The New York Times has stood by its description of the occupied West Bank and Gaza Strip as “disputed territories,” the terminology preferred by the Israeli government but overwhelmingly rejected internationally.
Referring to this week’s controversial debate at Brooklyn College, a New York Times’ report includes a summary of the Palestinian call for boycott, divestment and sanctions (BDS) against Israel in the third paragraph, saying that “[the BDS movement’s] goal is to pressure Israel to restore disputed territories and grant equal rights to Palestinians.”
I wrote to the paper pointing out that: (a) the BDS call has three clear goals: an end to Israel’s occupation, equality for Palestinian citizens of Israel, and the right of return of Palestinian refugees; and (b) the use of the term “disputed territories” is highly problematic as it is language that masks the fact that the West Bank and Gaza Strip are in fact occupied.
Replying on behalf of Greg Brock, senior editor for standards, his assistant Zach Jonk informed me that after discussions, the paper had “decided not to issue a correction.”

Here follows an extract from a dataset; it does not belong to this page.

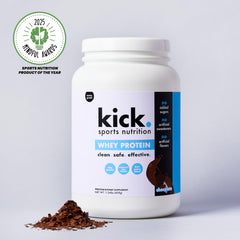 Kitchen setup featuring Kick Whey Protein Chocolate for a convenient fitness snack.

We paraphrased the overarching goal of BDS, and it was not an inaccurate description. Those territories are indeed disputed.

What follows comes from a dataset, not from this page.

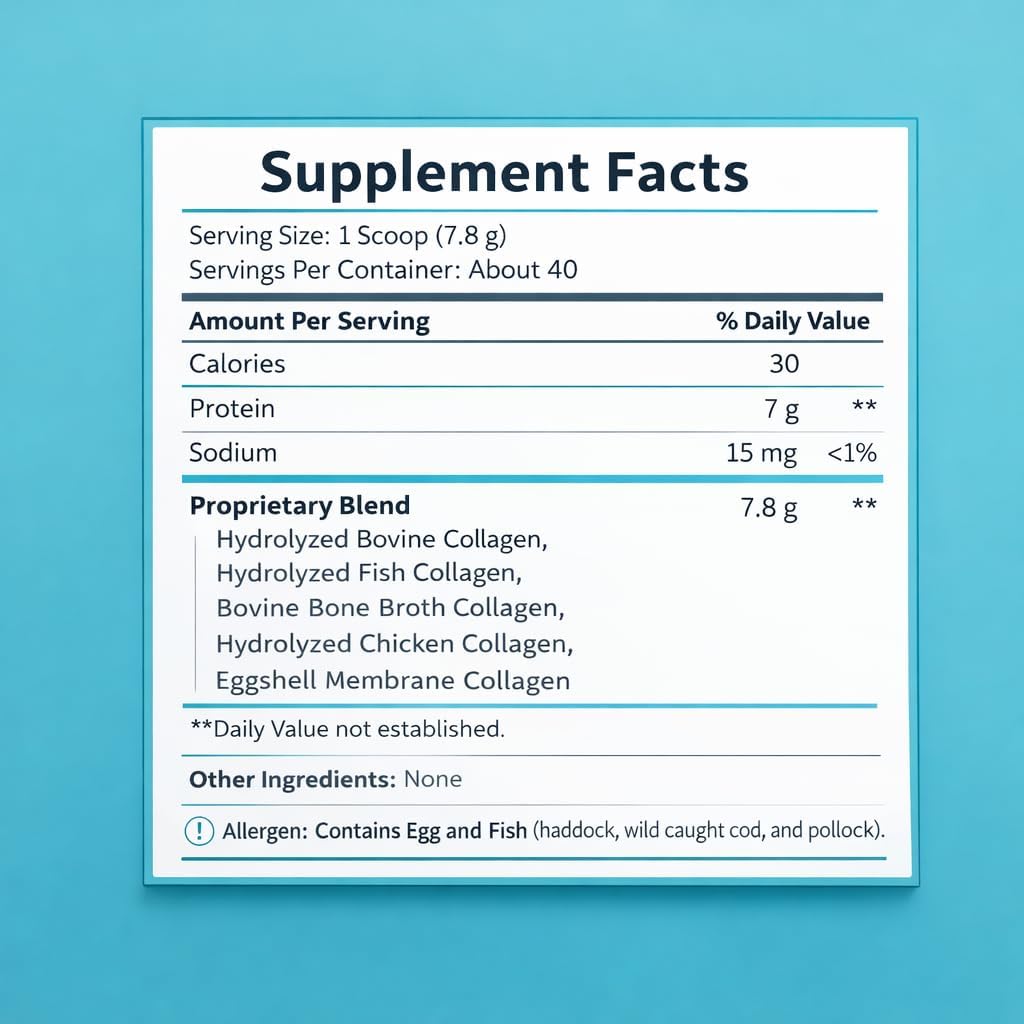 WellPath Renew Multi Collagen Protein Powder for Women | Hair, Nails, Skin | Hydrolyzed Grass-Fed Bovine, Marine, & Chicken Sources Collagen Peptides | Types I, II, III, V, X | 11 oz | 40 Servings 4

Let us leave aside the fact that it is not difficult to simply cite the explicit three goals of the BDS call — rather than paraphrase or surmise an overarching goal. The paper’s doubling down on the “disputed territories” formulation is troubling, as it is a phrase promoted by the Israeli government in order to deny the reality of occupation.

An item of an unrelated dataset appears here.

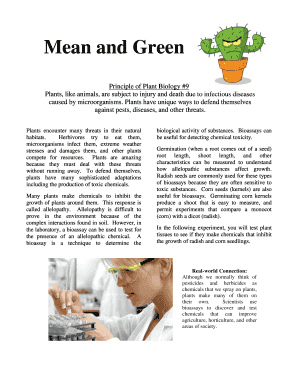 Plant Biology Bioassay Experiment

Needless to say, Israel is totally isolated in its description of the West Bank and Gaza Strip as “disputed” rather than occupied: the latter view is upheld by the UN, the International Court of Justice in The Hague, contracting parties to the Fourth Geneva Convention, and so on.
Despite re-emphasizing that point to The New York Times, the article remains uncorrected — while the paper’s professional standards are severely compromised.